カイネは数十分前と同じ体勢だったので、ただ寝ているだけなのを深読みしただけだったのだろうとも思えてきた。

寝支度を手早く済ませて、ベッドに入り込む。
月光が注入された部屋は、消灯していても明るい。目が慣れれば、物が見える程度には。枕の上で首を捻ると、カイネの姿が目に入った。先ほどまで、椅子と机に接着されたごとく微動だにしなかったカイネが、立っている。頭から足までの半面だけが月明かりに照らされて、幽かに見えた。顔が輝いている。光と水滴が意図的にカイネの真白い肌を選んでいるかのような調和があり、目を奪われてしまった。

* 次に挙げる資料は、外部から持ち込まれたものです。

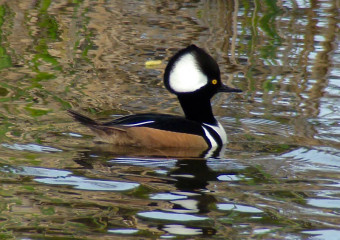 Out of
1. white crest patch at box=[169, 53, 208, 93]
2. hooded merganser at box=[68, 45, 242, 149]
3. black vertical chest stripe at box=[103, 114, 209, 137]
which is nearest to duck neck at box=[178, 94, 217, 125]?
hooded merganser at box=[68, 45, 242, 149]

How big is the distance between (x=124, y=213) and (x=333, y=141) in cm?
274

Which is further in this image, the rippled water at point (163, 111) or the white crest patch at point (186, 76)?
the white crest patch at point (186, 76)

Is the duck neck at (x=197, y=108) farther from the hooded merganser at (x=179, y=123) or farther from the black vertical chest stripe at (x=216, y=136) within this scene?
the black vertical chest stripe at (x=216, y=136)

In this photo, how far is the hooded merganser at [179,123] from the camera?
22.5 feet

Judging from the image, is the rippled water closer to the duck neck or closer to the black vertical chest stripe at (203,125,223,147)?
the black vertical chest stripe at (203,125,223,147)

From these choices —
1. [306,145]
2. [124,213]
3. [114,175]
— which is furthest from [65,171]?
[306,145]

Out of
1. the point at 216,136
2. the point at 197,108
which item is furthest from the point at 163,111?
the point at 216,136

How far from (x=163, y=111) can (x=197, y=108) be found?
78cm

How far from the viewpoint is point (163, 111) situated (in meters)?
8.04

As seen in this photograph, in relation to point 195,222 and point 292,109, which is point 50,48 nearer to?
point 292,109

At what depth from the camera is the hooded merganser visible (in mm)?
6867

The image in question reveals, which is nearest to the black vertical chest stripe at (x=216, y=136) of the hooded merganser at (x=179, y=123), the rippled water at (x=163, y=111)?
the hooded merganser at (x=179, y=123)

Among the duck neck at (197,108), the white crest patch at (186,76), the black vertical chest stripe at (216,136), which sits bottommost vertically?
the black vertical chest stripe at (216,136)

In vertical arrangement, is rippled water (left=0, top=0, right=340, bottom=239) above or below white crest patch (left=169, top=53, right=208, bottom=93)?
below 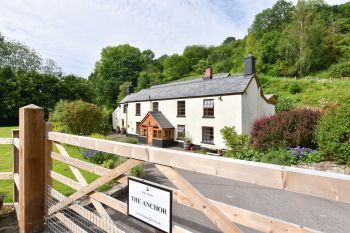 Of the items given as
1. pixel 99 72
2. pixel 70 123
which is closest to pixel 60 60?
pixel 99 72

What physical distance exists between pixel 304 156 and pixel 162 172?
11.8 m

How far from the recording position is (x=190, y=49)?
228 ft

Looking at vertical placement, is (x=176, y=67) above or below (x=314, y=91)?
above

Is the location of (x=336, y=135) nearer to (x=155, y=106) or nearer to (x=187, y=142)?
(x=187, y=142)

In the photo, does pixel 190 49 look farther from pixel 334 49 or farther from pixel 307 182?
pixel 307 182

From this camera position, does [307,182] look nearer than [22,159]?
Yes

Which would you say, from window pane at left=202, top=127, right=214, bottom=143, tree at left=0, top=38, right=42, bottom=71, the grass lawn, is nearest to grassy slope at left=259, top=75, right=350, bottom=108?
window pane at left=202, top=127, right=214, bottom=143

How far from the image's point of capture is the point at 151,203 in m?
Answer: 1.88

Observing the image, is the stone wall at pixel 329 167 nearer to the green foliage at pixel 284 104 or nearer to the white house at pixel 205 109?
the white house at pixel 205 109

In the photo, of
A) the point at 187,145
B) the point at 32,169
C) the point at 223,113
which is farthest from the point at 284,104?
the point at 32,169

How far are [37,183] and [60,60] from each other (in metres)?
56.1

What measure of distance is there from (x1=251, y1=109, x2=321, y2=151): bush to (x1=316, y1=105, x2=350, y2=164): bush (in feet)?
4.82

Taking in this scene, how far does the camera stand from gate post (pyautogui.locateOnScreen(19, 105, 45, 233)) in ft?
10.3

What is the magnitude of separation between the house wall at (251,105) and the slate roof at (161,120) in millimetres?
8189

「話をしよう。今日は月が綺麗なんだ。」消えてしまいそうな声で言った。
「いいよ、座ろう。」
二人はベッドに背もたれ、向かい合う形になった。
「性分化が起きたんだ。」
違和感をもとにして脈が早まる。
「嘘だ。まず、双子である僕には何も起きていない。次に、性分化が起きた次の日には施設を出るはずなのに、まだこうして二人で過ごしている。」
「一つずつ答えていくね。まずはいまだにここにいることから。分化の話はもう施設の人に話しているんだ。けれど特殊なケースだから判断が保留になっている。この場合の特殊っていうのは、もちろん双子であることも含まれるけれど、、そうじゃない部分が大きいかな。」
「煮え切らないな。男性か女性かどちらになったんだ?」
脈だけが先を行く。
「男性であり、女性である。つまり両性なんだ。」
両性。男で女、女で男。
「クオンが見た目で判断できなかったのは、両方の性ホルモンが拮抗していたからだと思う。」
一卵性双生児は滅多なことがない限りは、同時に性分化が起こるはず。
「じゃあ僕は一体なんなんだ。何も起きていない。股を見たって、そんな明瞭なものはついていない。」
「恐らく、中性のままだ。本で読んだことがあるけれど、分化を経ない中性は玄冬症と呼ばれるみたい。症例は両性と同じぐらい少ないものだったはず。あと、両性は青春症だって。」
「双子なのに、ほかの人よりも二人が一人であることに近いはずなのに、どうしても遠くなってしまったんだろう。性が一致しなくとも、お互いが性を持つ方が安定的だった。なんですべて持っていってしまったんだよ!」
気色が悪かった、自分もカイネも。相手を罵るときは、決まって頭が回る。気色悪さを払拭するために、嗚咽交じりに言葉を刺した。
カイネを見られない。ただ走り逃げることしかできなかった。

その後、僕たちは検査を受けた。
カイネの言った通り、僕は玄冬症で、カイネは青春症だった。
性別が確定したといって差し支えないが、数日間はまだ施設に滞在することになった。
その間、僕の要望でカイネとは離れて過ごした。
外出要望の審査中だったが、もう必要なくなった。
リンとリツは今、何を考えているのか。
皮と肉はどろどろに溶けて、腐臭を放っている。
もう見向きはしないが、臭いは呼吸を止めなければ終わらない。